Add Clusters

Runs unsupervised clustering on paths and adds the cluster assignment as a new segment column. The resulting column can be used in any widget that accepts a segment column.

This is the programmatic equivalent of the Cluster Analysis widget. Use the widget for interactive exploration and add_clusters when you want to persist cluster labels in the eventstream for downstream analysis.

Usage

es.add_clusters(
    segment_name="cluster",
    features=[
        {"metric": "length"},
        {"metric": "duration"},
        {"metric": "event_count", "metric_args": {"event": "purchase"}},
    ],
    method="kmeans",
    n_clusters=4,
    scaler="minmax",
)

Parameters

Parameter	Type	Default	Description
`segment_name`	`str`	required	Name of the new segment column for cluster labels.
`features`	`list[dict]`	required	Metric configs used as clustering features.

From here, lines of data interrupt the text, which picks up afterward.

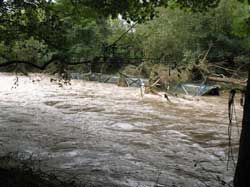 Old Butterfly Bridge lying alongside north bank of Derwent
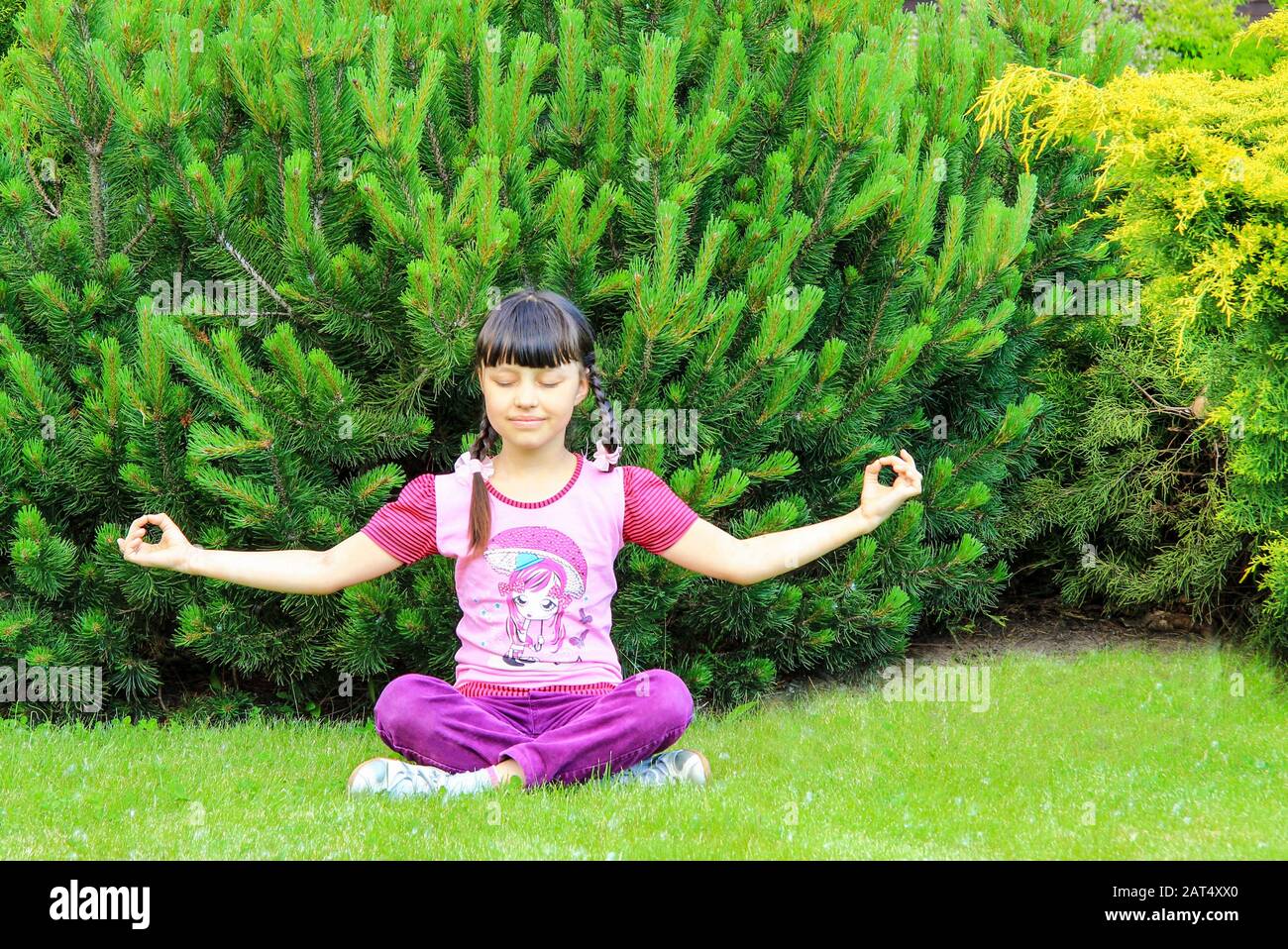 Une adolescente noire enlisée sourit et pratique le yoga dans le parc. Fille assise en position lotus, médite, sports d'été, Dnipro, Ukraine, 16.05.2018. Banque D'Images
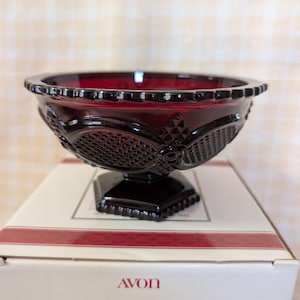 May include: A ruby-red glass bowl from the Avon 1876 Cape Cod Collection. The bowl has a decorative, textured pattern and sits on a square pedestal base. The rim of the bowl has a scalloped edge. The bowl is displayed on its original box.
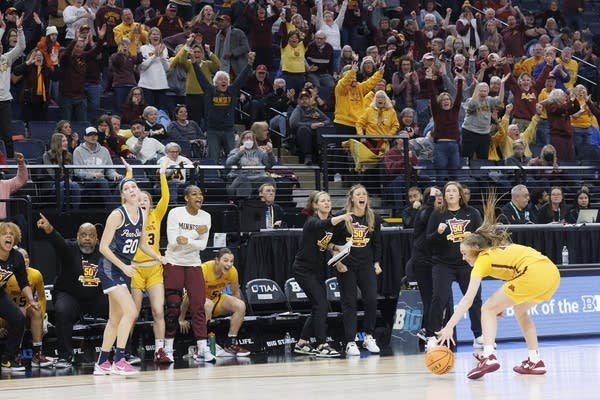 Members of a team rise from a bench and clap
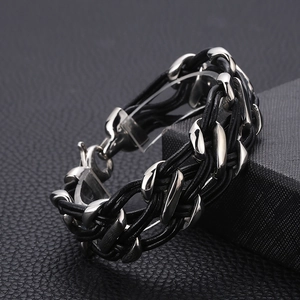 Detailed view of woven black leather cord bracelet with polished stainless steel clasp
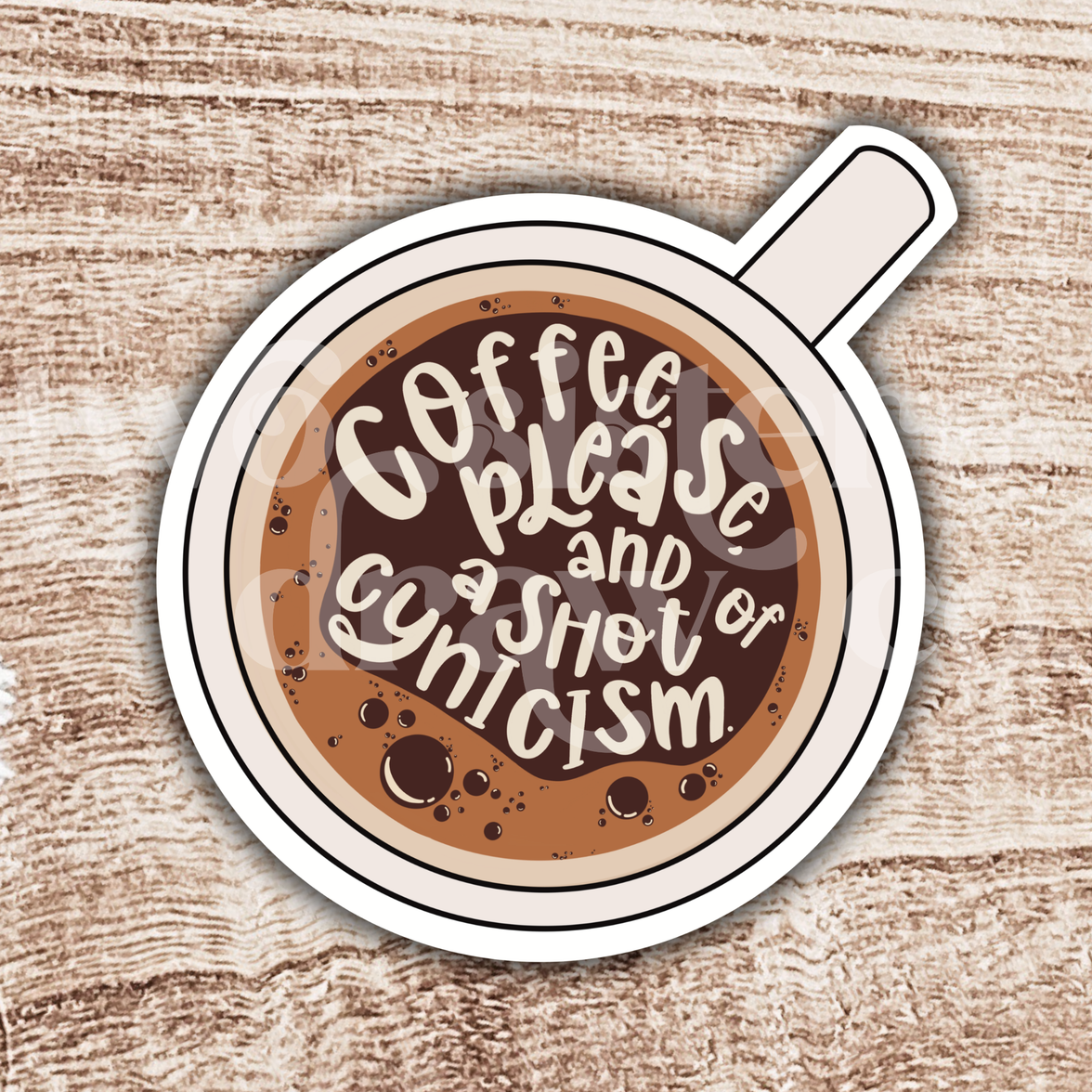Hand-drawn illustration of a coffee cup sticker with text 'Coffee please and a shot of cynicism' on a wooden background.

Each dict has `metric` and optional `metric_args`. See Path Metrics.
`method`	`str`	`"kmeans"`	Clustering algorithm: `"kmeans"` or `"hdbscan"`.
`scaler`	`str \| None`	`"minmax"`	Feature scaling: `"minmax"`, `"std"`, or `None`.
`n_clusters`	`int \| None`	`None`	Number of clusters. Required for k-means.
`min_cluster_size`	`int \| None`	`None`	Minimum cluster size for HDBSCAN (default: 5).
`nmf_k`	`int \| None`	`None`	If set, applies NMF to reduce features to `nmf_k` components before clustering.
`path_id_col`	`str \| None`	`None`	Override the path ID column.

Cluster labels

K-means clusters are labeled cluster_0, cluster_1, etc. HDBSCAN assigns noise points the label noise.